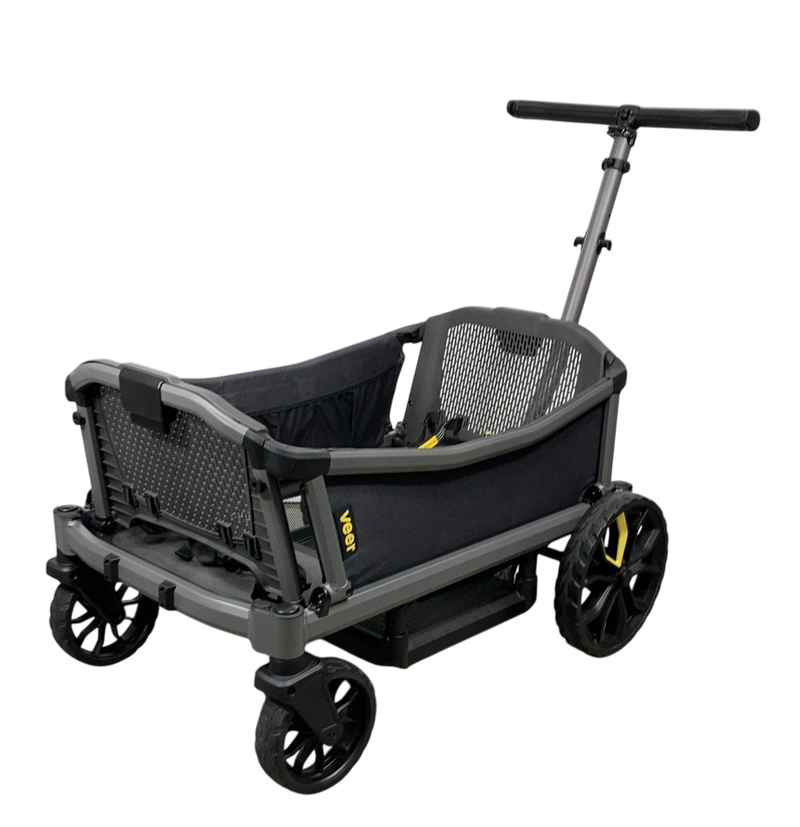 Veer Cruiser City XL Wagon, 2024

==

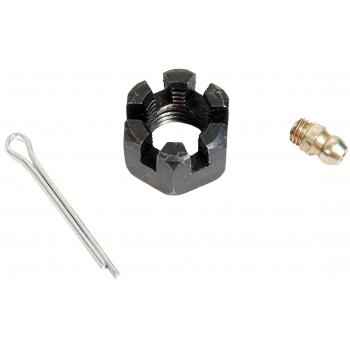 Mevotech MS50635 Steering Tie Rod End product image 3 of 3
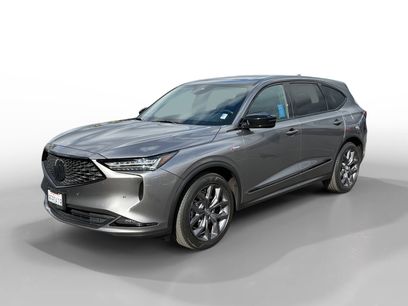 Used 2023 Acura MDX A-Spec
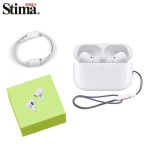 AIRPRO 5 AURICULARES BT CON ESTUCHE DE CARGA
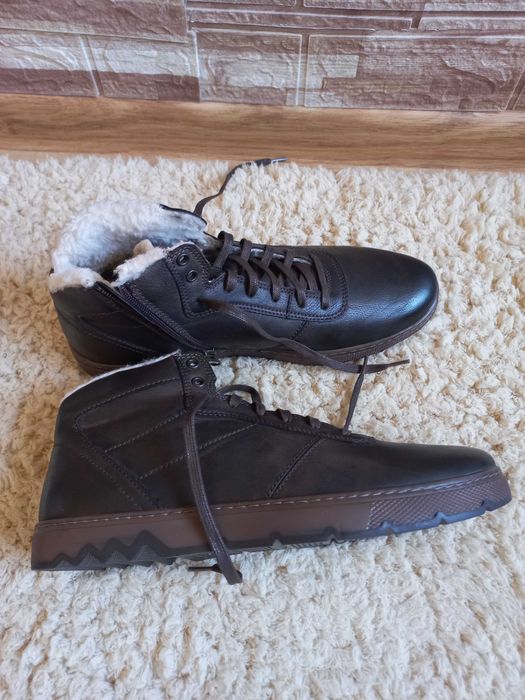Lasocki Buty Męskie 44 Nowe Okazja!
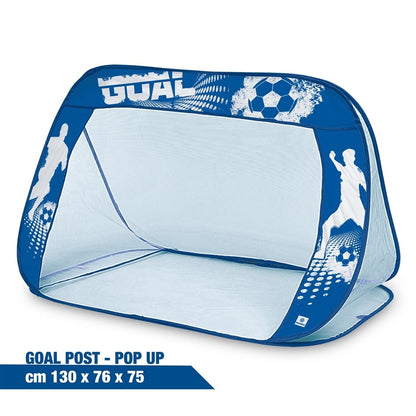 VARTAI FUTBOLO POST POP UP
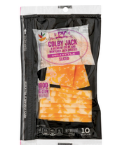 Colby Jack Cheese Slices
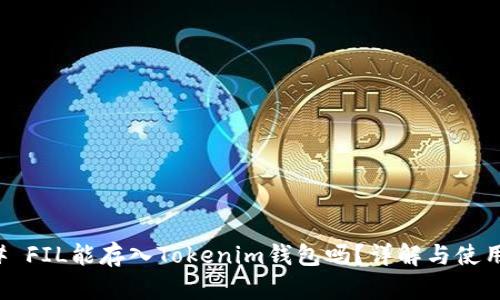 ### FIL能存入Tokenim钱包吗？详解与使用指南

● TASK ITEM
In the entries above, find the line with "Lasocki Buty Męskie 44 Nowe Okazja!" and the line with "### FIL能存入Tokenim钱包吗？详解与使用指南". Return exactly those lines and all the ones between them, pictures excluded.

● WRITTEN RESPONSE
Lasocki Buty Męskie 44 Nowe Okazja!
 VARTAI FUTBOLO POST POP UP
 Colby Jack Cheese Slices
 ### FIL能存入Tokenim钱包吗？详解与使用指南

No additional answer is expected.